Supplied material:
#####

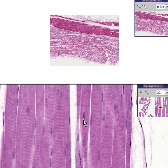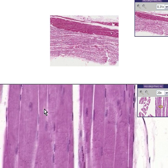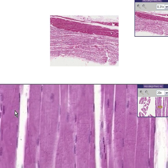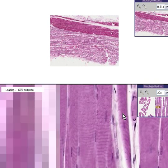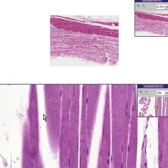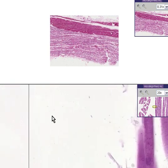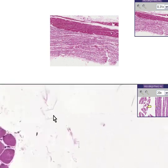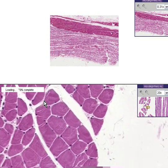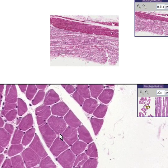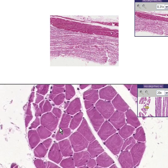If some nuclei look like they're in the middle of the fiber, it's probably because the fiber has been cut tangentially. Here is that same group of skeletal muscle fibers now cut in cross-section rather than longitudinal, and notice that all of the nuclei are at the periphery — none are in the middle.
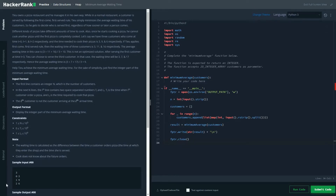Hi friends, today we are going to solve minimum average waiting time. It's not from queue — it's from heap data structure.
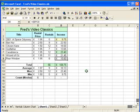Hello and welcome to tutorial number 11 in this series for Excel beginners. In this tutorial we're going to look at creating a pie chart.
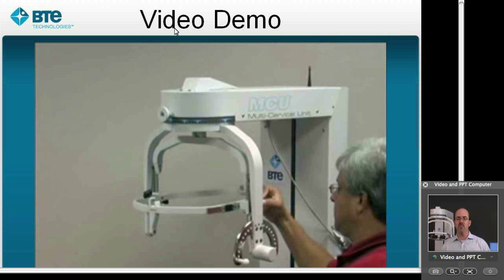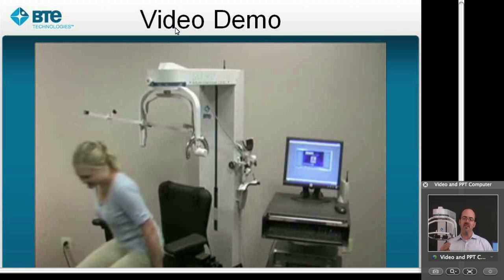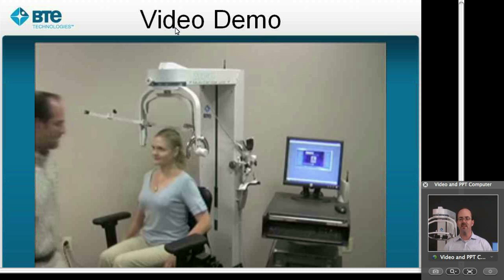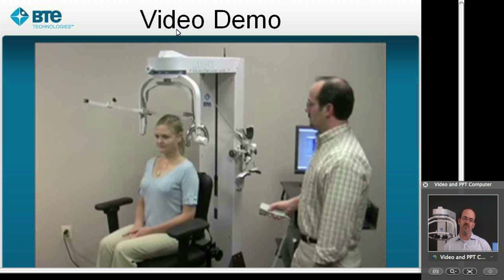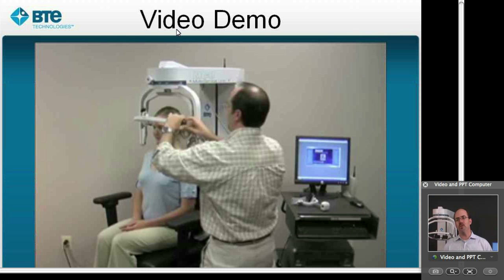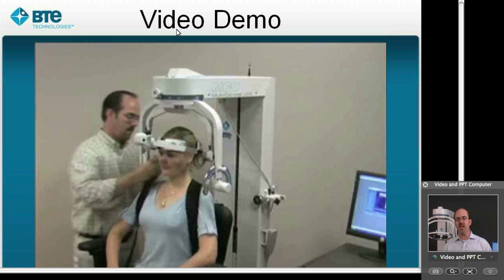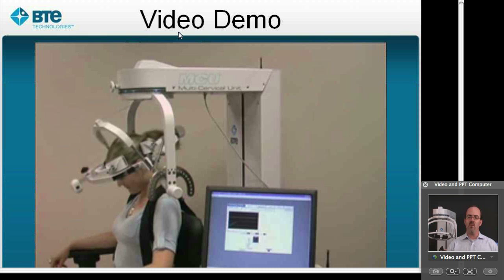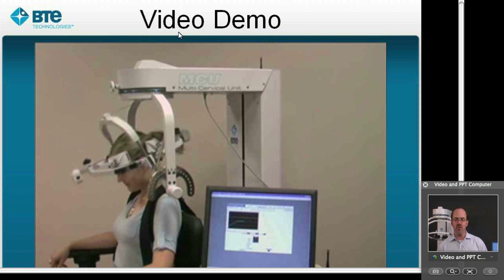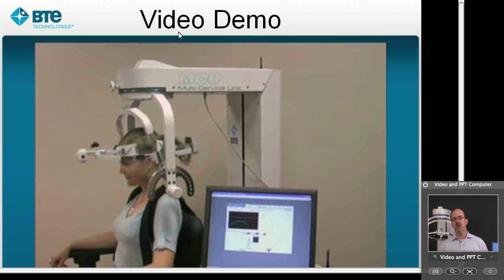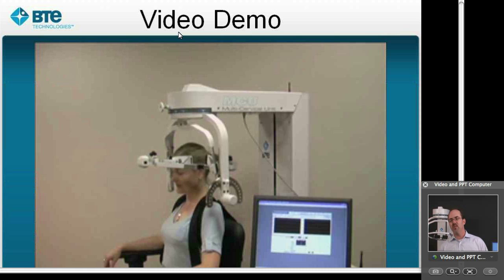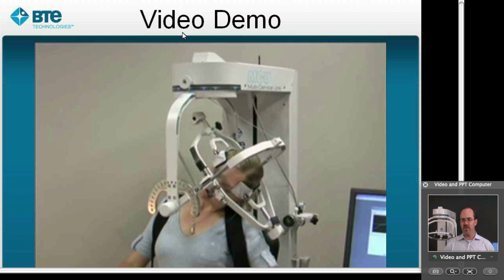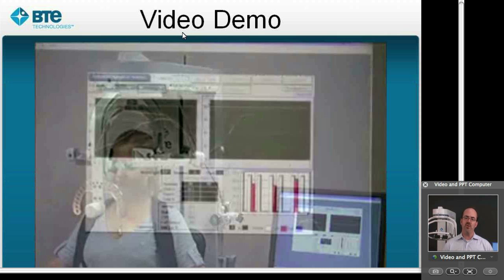It's also important to note that there are no motors driving this unit — it is only powered by the strength of the subject. So if there's any concern or anxiety about some motor moving somebody's head, I can assure you there are no motors in this. Here we're looking at range of motion in the lateral plane, lateral rotation, and lateral flexion. Throughout this, we're capturing data looking at both the velocity of movement as well as the range of motion over time.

#####

About this exercise: Print the material verbatim; drop the pictures.

Final answer:
If some nuclei look like they're in the middle of the fiber, it's probably because the fiber has been cut tangentially. Here is that same group of skeletal muscle fibers now cut in cross-section rather than longitudinal, and notice that all of the nuclei are at the periphery — none are in the middle.
Hi friends, today we are going to solve minimum average waiting time. It's not from queue — it's from heap data structure.
Hello and welcome to tutorial number 11 in this series for Excel beginners. In this tutorial we're going to look at creating a pie chart.
It's also important to note that there are no motors driving this unit — it is only powered by the strength of the subject. So if there's any concern or anxiety about some motor moving somebody's head, I can assure you there are no motors in this. Here we're looking at range of motion in the lateral plane, lateral rotation, and lateral flexion. Throughout this, we're capturing data looking at both the velocity of movement as well as the range of motion over time.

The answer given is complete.